Responding to the latest publication of the NHS performance statistics and the Estates Returns Information for 2021/22, Tim Gardner, senior policy fellow at the Health Foundation, has issued a warning that the NHS is under severe strain.
"These figures mark a grim milestone for the NHS, with over seven million people now waiting for treatment," he commented. "The data should be a warning to Government that NHS and social care services are already under severe strain, even before winter starts to bite."
He pointed out that, in September 2022, over 1 in 10 people with a serious condition such as a stroke or chest pain waited over 100 minutes for an ambulance while nearly 33,000 people spent more than 12 hours on trolleys in emergency departments waiting for a hospital bed. By the end of August 2022, over 387,000 had waited over a year for routine hospital treatment.

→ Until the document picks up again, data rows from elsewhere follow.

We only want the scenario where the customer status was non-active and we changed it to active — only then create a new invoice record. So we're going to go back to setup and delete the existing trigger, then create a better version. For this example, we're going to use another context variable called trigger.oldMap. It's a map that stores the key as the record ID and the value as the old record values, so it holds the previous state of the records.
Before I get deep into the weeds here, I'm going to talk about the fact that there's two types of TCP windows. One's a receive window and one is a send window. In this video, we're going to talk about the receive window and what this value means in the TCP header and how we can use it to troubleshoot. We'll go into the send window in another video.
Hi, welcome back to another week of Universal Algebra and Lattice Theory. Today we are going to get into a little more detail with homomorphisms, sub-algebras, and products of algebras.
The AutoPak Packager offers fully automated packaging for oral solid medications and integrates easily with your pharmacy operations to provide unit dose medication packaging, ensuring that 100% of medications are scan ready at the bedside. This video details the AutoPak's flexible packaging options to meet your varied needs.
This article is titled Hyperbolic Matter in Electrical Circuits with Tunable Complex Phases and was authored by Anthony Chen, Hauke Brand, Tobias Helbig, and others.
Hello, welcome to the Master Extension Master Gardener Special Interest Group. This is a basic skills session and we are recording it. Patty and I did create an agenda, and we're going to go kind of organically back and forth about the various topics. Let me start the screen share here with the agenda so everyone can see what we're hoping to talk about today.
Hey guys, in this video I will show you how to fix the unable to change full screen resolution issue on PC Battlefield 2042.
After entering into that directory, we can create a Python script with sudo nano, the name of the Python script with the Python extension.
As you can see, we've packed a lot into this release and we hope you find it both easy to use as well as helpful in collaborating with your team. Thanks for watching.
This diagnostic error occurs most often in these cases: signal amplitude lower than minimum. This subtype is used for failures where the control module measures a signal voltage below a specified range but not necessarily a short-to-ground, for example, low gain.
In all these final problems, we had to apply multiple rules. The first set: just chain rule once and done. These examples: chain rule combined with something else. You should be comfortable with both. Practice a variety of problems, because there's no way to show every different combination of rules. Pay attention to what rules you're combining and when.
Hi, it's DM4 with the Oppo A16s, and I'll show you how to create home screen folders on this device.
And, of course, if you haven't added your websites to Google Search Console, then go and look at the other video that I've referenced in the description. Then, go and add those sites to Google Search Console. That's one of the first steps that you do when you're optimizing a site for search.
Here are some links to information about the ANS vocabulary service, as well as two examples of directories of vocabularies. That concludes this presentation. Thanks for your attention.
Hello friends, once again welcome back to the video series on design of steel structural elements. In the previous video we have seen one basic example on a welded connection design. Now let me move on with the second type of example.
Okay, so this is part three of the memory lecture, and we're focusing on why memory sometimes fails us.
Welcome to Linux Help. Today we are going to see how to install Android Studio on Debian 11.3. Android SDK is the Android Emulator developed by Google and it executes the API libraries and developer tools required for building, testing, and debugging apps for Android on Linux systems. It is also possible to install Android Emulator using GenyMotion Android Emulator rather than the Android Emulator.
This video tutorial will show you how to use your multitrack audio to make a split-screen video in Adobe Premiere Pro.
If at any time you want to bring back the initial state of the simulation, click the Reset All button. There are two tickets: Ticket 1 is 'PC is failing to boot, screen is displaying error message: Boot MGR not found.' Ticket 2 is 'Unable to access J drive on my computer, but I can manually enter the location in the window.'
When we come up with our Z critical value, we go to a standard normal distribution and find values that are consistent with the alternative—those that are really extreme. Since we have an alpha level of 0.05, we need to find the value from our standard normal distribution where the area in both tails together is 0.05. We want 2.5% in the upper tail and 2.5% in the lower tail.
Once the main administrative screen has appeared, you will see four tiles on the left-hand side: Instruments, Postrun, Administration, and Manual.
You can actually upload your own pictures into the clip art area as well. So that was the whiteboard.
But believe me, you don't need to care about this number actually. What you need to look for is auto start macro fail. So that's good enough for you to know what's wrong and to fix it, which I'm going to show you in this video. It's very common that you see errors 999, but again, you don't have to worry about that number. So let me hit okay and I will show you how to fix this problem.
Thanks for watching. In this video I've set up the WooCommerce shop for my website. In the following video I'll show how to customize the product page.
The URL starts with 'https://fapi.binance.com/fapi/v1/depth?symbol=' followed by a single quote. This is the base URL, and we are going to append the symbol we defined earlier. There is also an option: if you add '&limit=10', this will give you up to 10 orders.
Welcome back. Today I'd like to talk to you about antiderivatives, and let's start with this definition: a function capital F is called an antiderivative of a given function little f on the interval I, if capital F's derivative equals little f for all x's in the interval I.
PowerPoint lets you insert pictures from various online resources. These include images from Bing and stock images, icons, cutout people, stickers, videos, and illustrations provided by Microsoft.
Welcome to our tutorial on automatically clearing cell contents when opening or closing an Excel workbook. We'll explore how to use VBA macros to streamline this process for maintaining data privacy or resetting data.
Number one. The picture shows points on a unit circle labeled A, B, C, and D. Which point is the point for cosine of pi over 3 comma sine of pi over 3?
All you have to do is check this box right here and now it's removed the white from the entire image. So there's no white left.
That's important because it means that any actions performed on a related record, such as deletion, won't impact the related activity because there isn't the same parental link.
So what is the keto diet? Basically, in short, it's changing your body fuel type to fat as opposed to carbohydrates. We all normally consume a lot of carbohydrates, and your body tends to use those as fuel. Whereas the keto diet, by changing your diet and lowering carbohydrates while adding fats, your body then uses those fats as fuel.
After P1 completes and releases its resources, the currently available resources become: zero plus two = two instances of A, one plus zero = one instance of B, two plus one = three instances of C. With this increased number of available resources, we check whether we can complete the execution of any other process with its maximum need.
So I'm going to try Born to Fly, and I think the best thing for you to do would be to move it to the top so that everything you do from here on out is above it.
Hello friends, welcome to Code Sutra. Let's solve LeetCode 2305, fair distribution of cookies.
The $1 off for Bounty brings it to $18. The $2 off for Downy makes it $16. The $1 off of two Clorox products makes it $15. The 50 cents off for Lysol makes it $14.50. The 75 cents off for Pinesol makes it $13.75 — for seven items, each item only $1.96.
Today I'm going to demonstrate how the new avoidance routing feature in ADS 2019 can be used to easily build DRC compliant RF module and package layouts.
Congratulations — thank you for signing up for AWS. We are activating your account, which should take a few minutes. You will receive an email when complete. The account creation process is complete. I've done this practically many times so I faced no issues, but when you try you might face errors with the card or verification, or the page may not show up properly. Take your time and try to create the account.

"A decade of underfunding and failure to tackle huge workforce shortages set the scene for the NHS’s challenges long before COVID," he continued. "The approach to capital spending for building repairs and new equipment has been too short term, with the backlog of repairs now £10.2 billion – up 11% on last year. Pressures are being felt right across the health and social care system. Vacancies in social care were up by a record 52% last year. This is unsurprising given poor pay and conditions in the sector, with new Health Foundation analysis finding that 1 in 5 residential care workers in the UK were living in poverty before the cost-of-living crisis."
He concluded that, if the government wants to improve growth, it "must treat health and wealth as inseparable."